Diane Mastrull: A holster-maker who shares his methods with the world
Jon Hauptman started an unusual business — holster making — about a year ago in a most unorthodox way: He disclosed virtually all his trade secrets in one YouTube video after another, after another.
Jon Hauptman started an unusual business — holster making — about a year ago in a most unorthodox way: He disclosed virtually all his trade secrets in one YouTube video after another, after another.
In some, he did something else seemingly self-destructive: He encouraged viewers to make their own holsters, if they were so inclined.
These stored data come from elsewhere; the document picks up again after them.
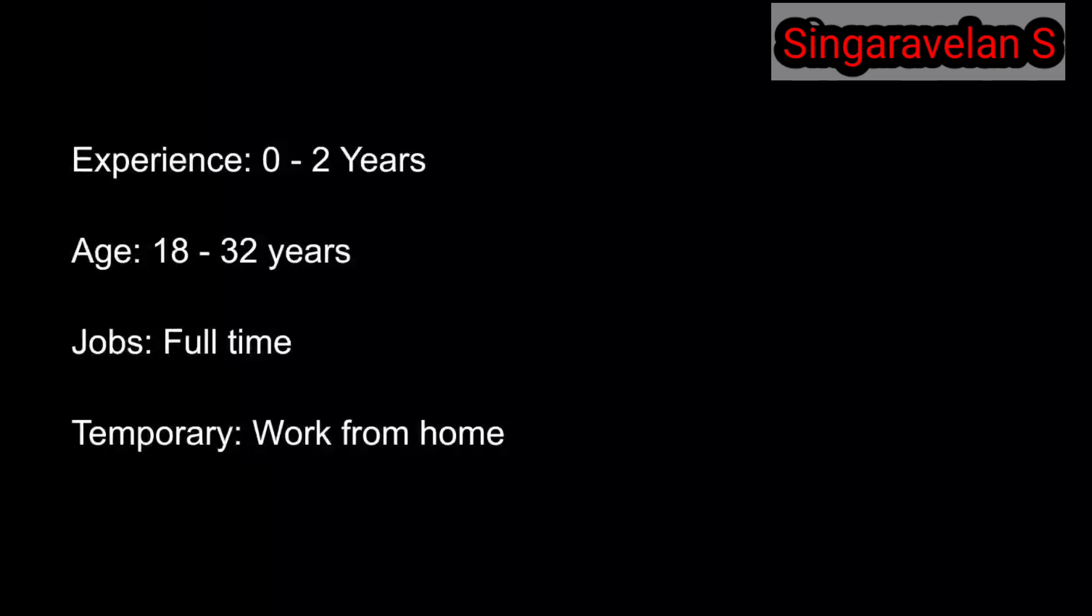Age limitation is 18 to 32 years. The job is full time and work from home.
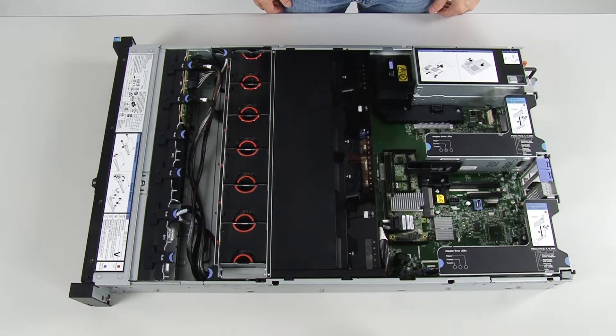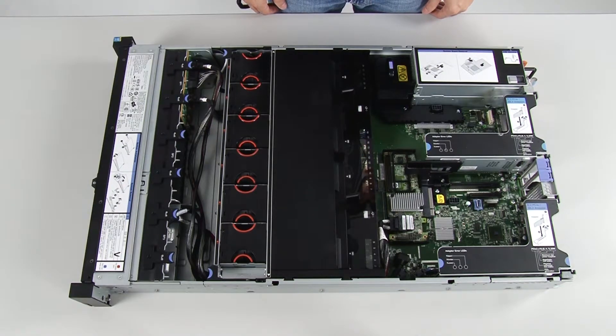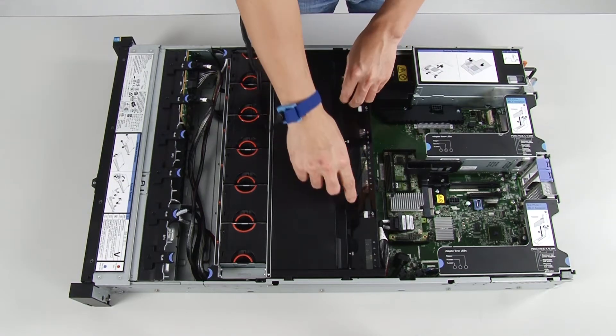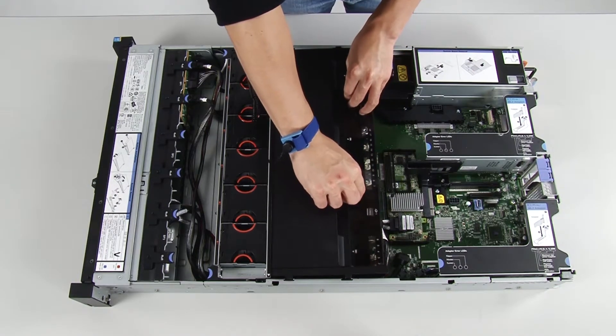Place your fingers under the back of the top of the air baffle, then lift the air baffle out of the server.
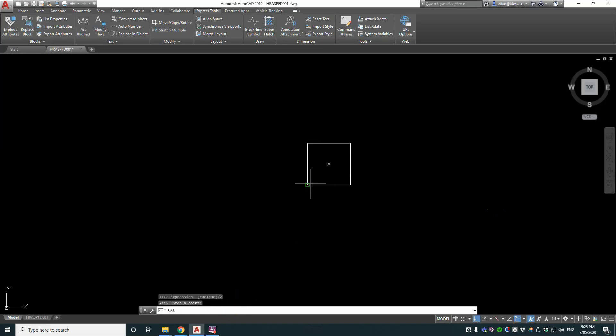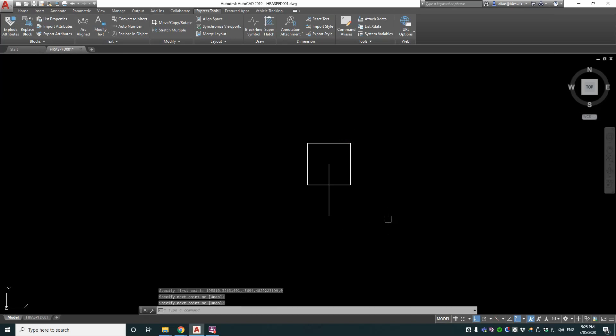Now I pick one point and I pick another point and it finds the midpoint. That's how you do that.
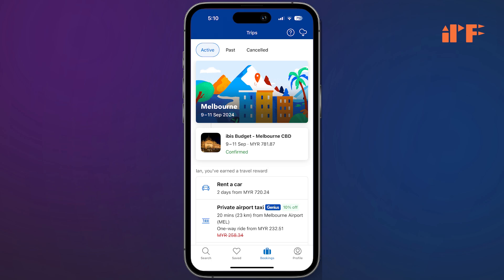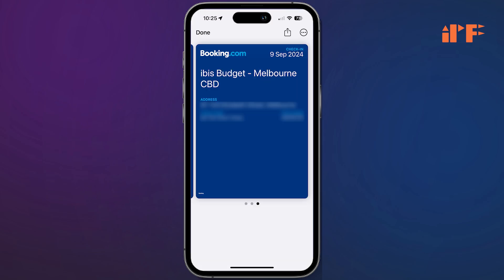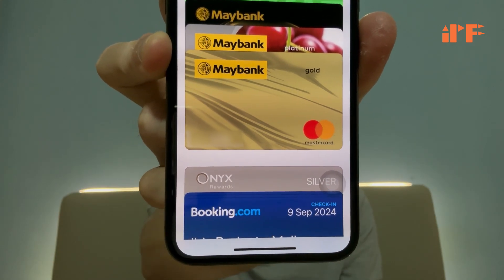In the booking.com app, go to Bookings and then click the hotel that you saved. Here I select Ebis Budget. In my Ebis Budget booking, scroll down and under Actions you'll see 'Add to Apple Wallet' — tap it and you can add it to your Apple Wallet.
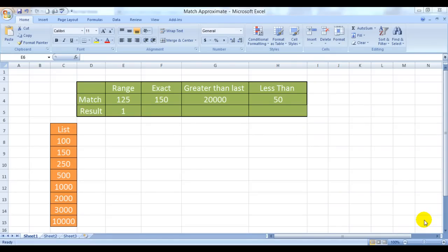Hello everybody and welcome to my e-lesson. I am your guru and today I am going to tell you how to use the wonderful formula of MATCH with the approximate and exact options.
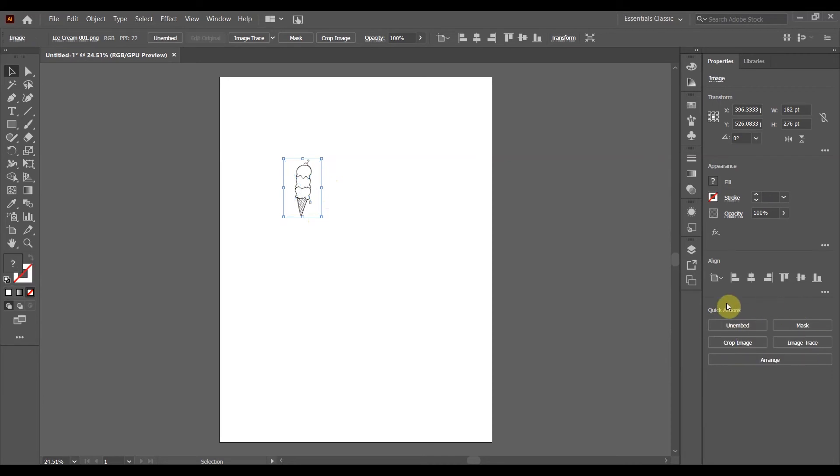But what happens when this particular area down in here is not showing up? I don't have the embed button. Here's what you got to do.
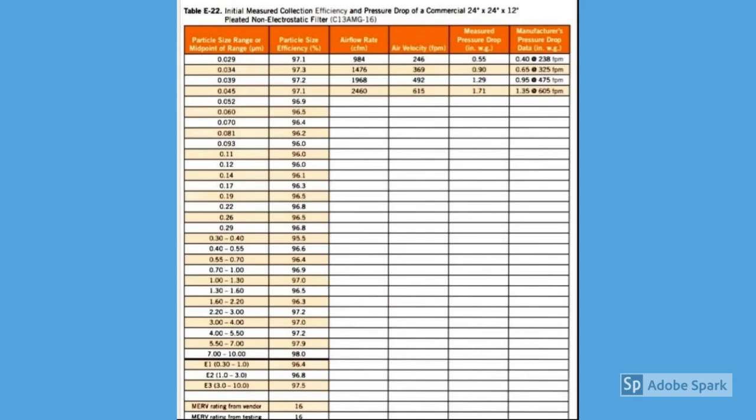We also have the data here showing the MERV rating of 16 or HEPA filter to support the evidence of usage as an equivalent of N95 using household products. So best wishes, good luck, stay safe.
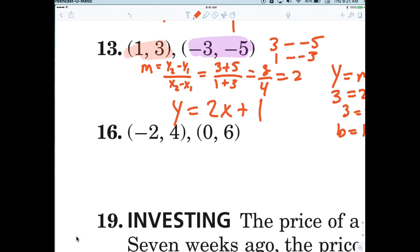The slope formula — change in y over change in x — is just a fancy way of writing y2 minus y1 over x2 minus x1. Subtract the y's, subtract the x's — that's your solution.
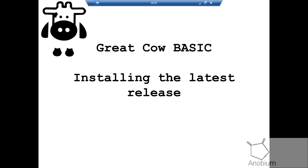Welcome to another GreatCal Basic demonstration. This is a short version of installing the latest release. It's going to focus on installation and programming two types of microcontrollers.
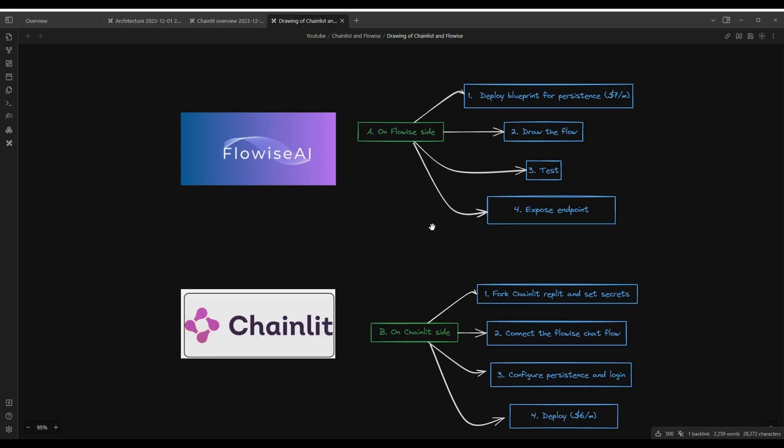So just to wrap up, we built this application using FlowWise and Chainlit, and we went through all the different steps in order to build an application that persists and allows for multiple users to use it.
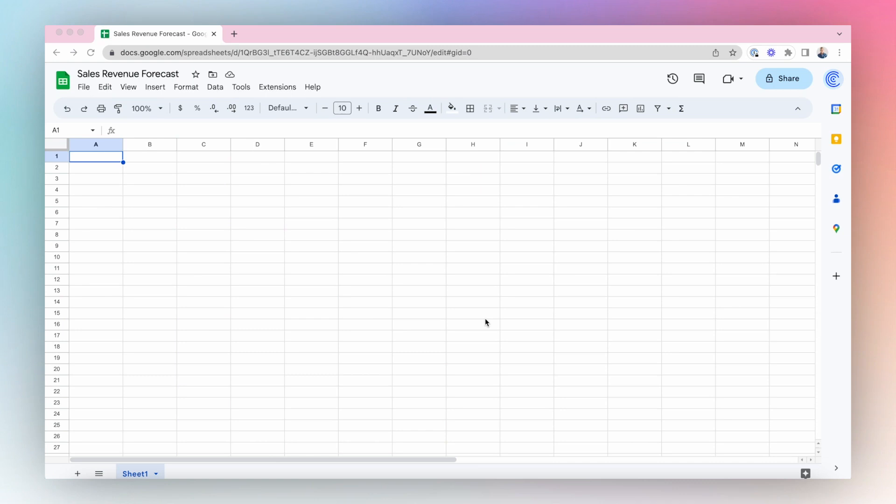Connect your Salesforce Opportunity data to Google Sheets using Coefficient to visualize your sales pipeline and your estimated sales revenue for the year.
What followed was not a crash-and-burn of Hauptman's start-up, but a groundswell of support from those who watched his videos and were moved to help him get PHLSTER off the ground. One guy even made for him, at no charge, a set of presses that were far better than the assemblages of plywood and clamps Hauptman was using in the molding process to secure sheets of thermal-formed plastic known as Kydex around gun replicas.
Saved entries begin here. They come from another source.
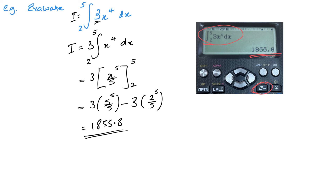Always check in your calculator at the end. This calculator is perfectly acceptable for exams — it's the recommended calculator from Edexcel. Numerical integration and differentiation is allowed, just not symbolic.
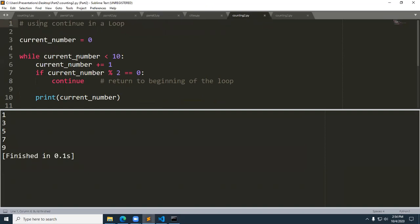The continue example: I set current_number to zero, then have a loop on line five that increments as long as current_number is less than 10. I increment the number, then perform a test: if current_number modulus two equals zero, we continue — meaning return to the beginning of the loop — otherwise we print that current_number.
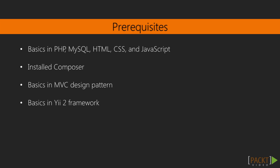Now let's talk about prerequisites for this course. First of all, you need to have some basic experience in PHP, MySQL, HTML, CSS, and JavaScript. You need to have the PHP Composer tool installed. Also, basic experience with MVC design pattern and Yii2 framework is desired.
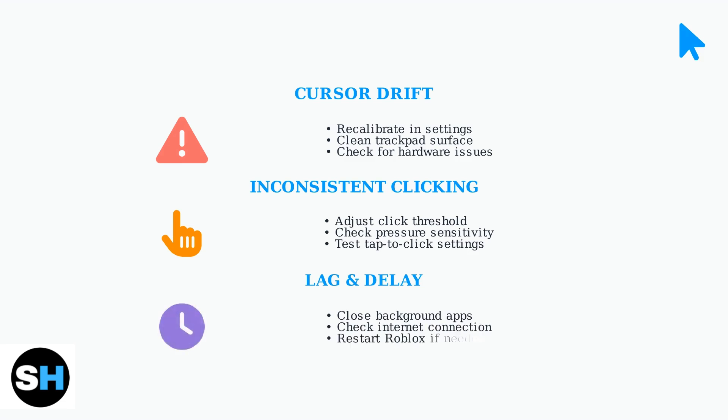Lag or delay in cursor response usually stems from system performance. Close background applications and verify your internet connection is stable. These optimizations have proven highly effective.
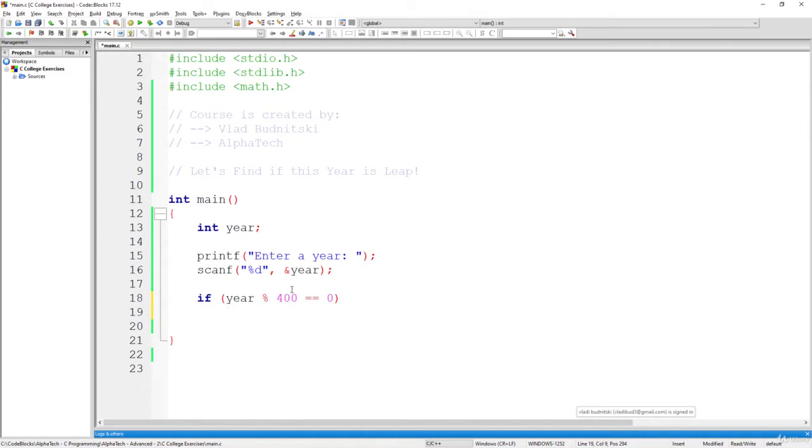Just a couple of terminologies, guys, nothing complicated. That's the rules to decide if a given year is leap or not, nothing we can do about it.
Soon, orders for his $75 holsters were coming in at a rapid clip. And Hauptman, 28, had to move what until then was a home-based hobby to renovated industrial space in Lower Kensington.
Gross sales this year are expected to reach $50,000; net income $20,000. In the company's busiest month, about 90 holsters were shipped.
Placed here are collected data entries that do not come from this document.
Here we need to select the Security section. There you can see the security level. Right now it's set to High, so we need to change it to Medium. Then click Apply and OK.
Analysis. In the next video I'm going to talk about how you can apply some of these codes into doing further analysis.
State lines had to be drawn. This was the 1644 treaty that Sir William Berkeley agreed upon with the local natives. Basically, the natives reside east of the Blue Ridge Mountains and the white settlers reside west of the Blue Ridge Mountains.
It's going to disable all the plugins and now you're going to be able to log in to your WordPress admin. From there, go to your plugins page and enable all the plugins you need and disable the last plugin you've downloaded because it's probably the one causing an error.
Hauptman's transparent business technique somewhat baffles his entrepreneurial father, a partner in a Philadelphia architecture firm. Told of it, one Temple University business professor went silent for a few seconds and then, though not necessarily endorsing it, deemed it "a really interesting model."
As Hauptman transferred heated pieces of plastic from toaster ovens to presses recently, he defended his unconventional approach to commerce.
"Because of the amount of good will generated by the videos, and because of the appreciation people have for the educational material, it drives a certain image of the business," he said. That image "goes against the tactical, Ninja, elitist operation" of most companies in the holster business.
"I'm kind of against that eliticism," Hauptman added, his work uniform that day shorts, sneakers, and a T-shirt bearing the company's logo — the Liberty Bell and the word PHLSTER superimposed on a shield.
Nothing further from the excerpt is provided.